Interviews

"I Am All My Characters": Director João Pedro Rodrigues on the Transformative Delights of The Ornithologist

Published by
Carlos Aguilar

It’s scorching in Los Angeles and it’s just as warm in Paris. That’s what director João Pedro Rodrigues tells me at the beginning of our conversion about his equally sun-drenched feature The Ornithologist.

He is in the French capital to promote the DVD release of the film there, a luxury that doesn’t happen often for home releases stateside. We speak via Skype with several hours, without seeing each other’s faces—it’s better for audio recording to do a voice call—but I do see his chosen avatar: a hawk. Later he would tell me that this photo was one of the few available in the application and blames his poor computer skills for it. I choose to believe that the ornithologist in him subconsciously had something to do with that selection. It is, at the very least, a fitting coincidence.

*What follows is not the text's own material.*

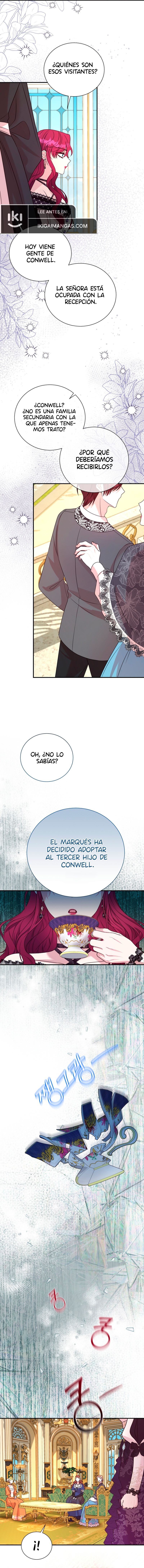 Mi Segundo Esposo Esta Deprimido y Desesperado Capítulo 100 - Page 5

Religious faith is not Rodrigues’ area of expertise, which could come as a shocking surprise for some considering that a version of St. Anthony of Padua, a prominent Catholic figure in his home country of Portugal, is the commanding character in the film. Like his protagonist, Fernando, played by French-American actor Paul Hamy, the filmmaker is fluent in several languages, and we run into a fun hurdle when he tries to use the Spanish-language adjective dulzura to describe his hunky lead. The literal translation in English is “sweetness,” but Rodrigues finds this definition stupid, so we settle on “tender.” Speaking with Rodrigues is like a getting a crash-course in the history of Portugal and the symbols that have marked the Iberian nation. Every answer is laced with humor.

The Ornithologist is fascinating, sensually profane and delightful, adjectives that, depending on who you ask, could easily apply to its creator as well. It’s a work of art in which magical realism is a playful ally of storytelling. Literal and mystical transformation abounds in a universe populated by frozen fauna, resurrected messiahs, Latin-speaking female warriors, Chinese visitors on a pilgrimage, and an ornithologist observing birds while being himself observed by intangible forces. St. Anthony and all the powers attributed to him make an appearance when least expected.

I consider myself a fervent believer and a disciple of The Ornithologist and its gorgeous impieties. If in the future I’m granted another Skype conversation with Rodrigues, I hope that once again his avatar reflects his shape-shifting interests.

Carlos Aguilar, MovieMaker Magazine (MM): Of all the saints, why did you find St. Anthony and his myth particularly interesting? 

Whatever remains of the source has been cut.